YOUR ASSIGNMENT ->
Restate the data below word for word. Skip any images it contains.

DATA BELOW ->
:::::
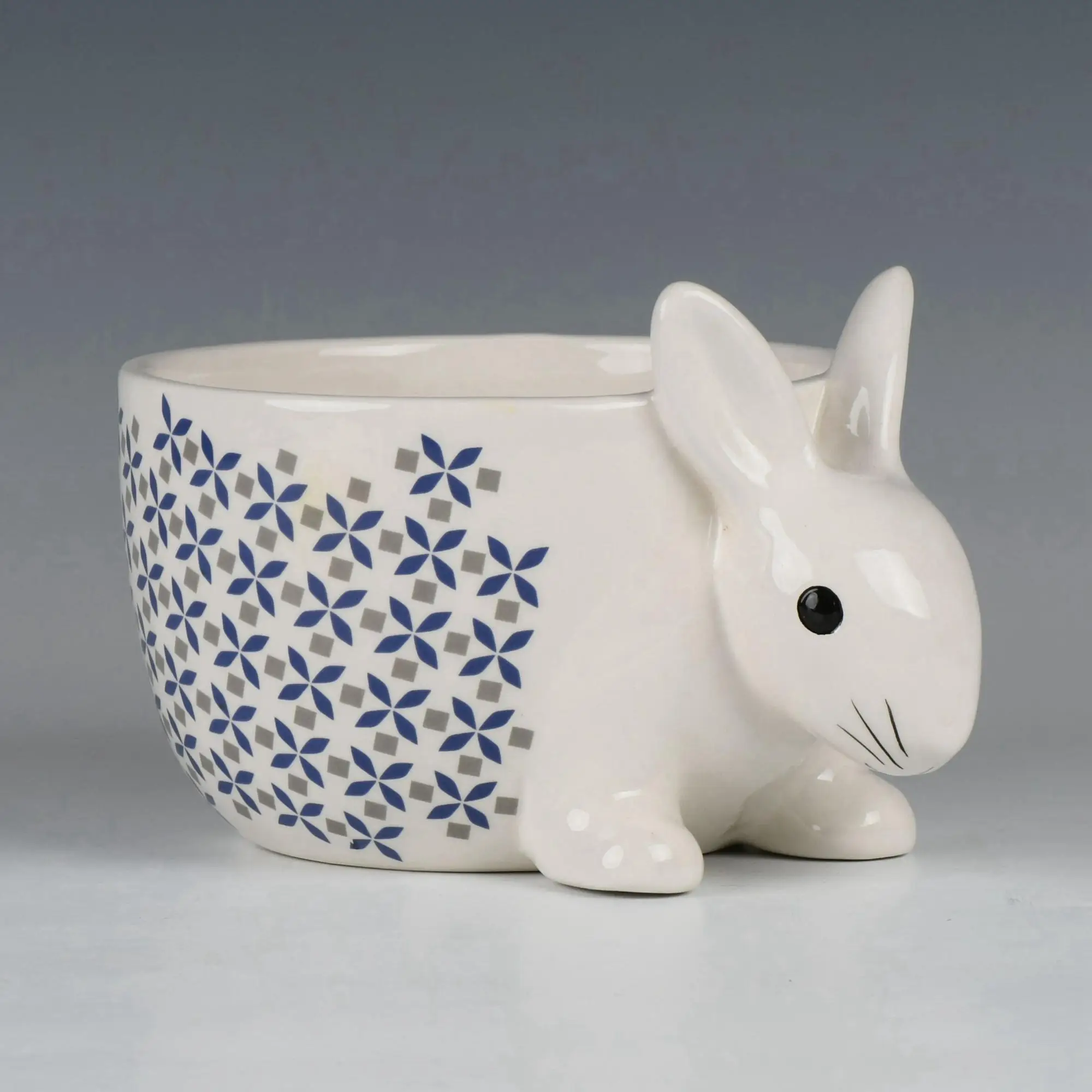 Wholesale Custom Animal Shape Ceramic Plant Pot Buy Plant Pot,Ceramic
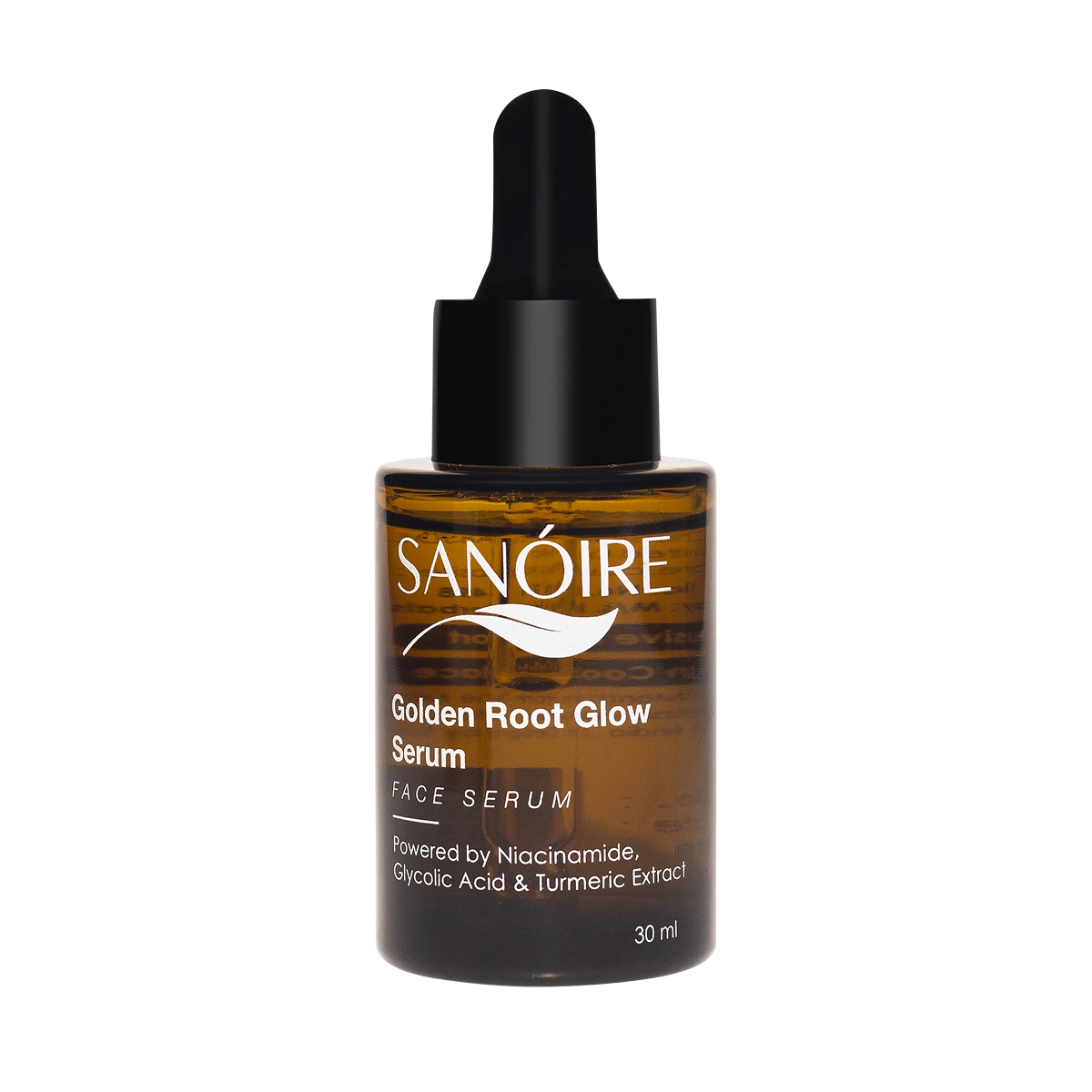 Golden Root Glow Serum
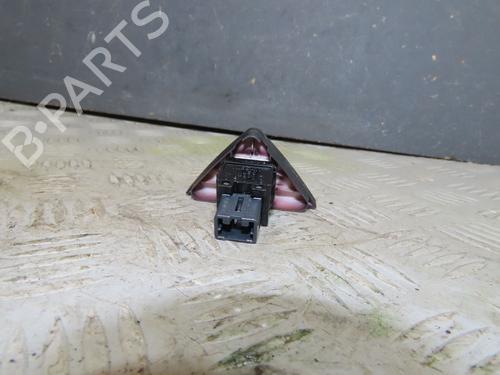 Used Warning switch Warning switch RENAULT KOLEOS I (HY_) 2.0 dCi (HY0K) (150 hp) 34048887 34048887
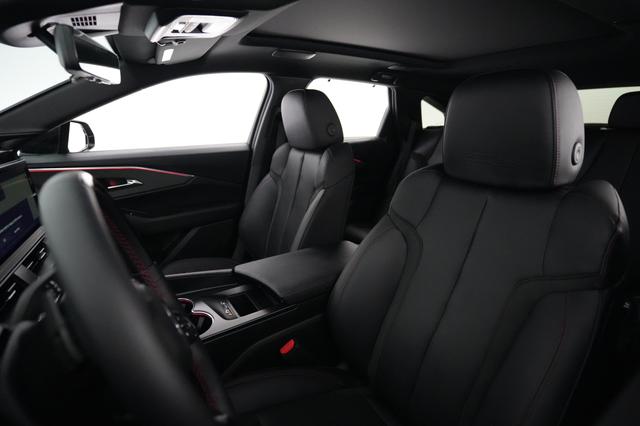2024 Acura ZDX — photo 3 of 23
:::::
ANSWER BOX ->
 Wholesale Custom Animal Shape Ceramic Plant Pot Buy Plant Pot,Ceramic
 Golden Root Glow Serum
 Used Warning switch Warning switch RENAULT KOLEOS I (HY_) 2.0 dCi (HY0K) (150 hp) 34048887 34048887
2024 Acura ZDX — photo 3 of 23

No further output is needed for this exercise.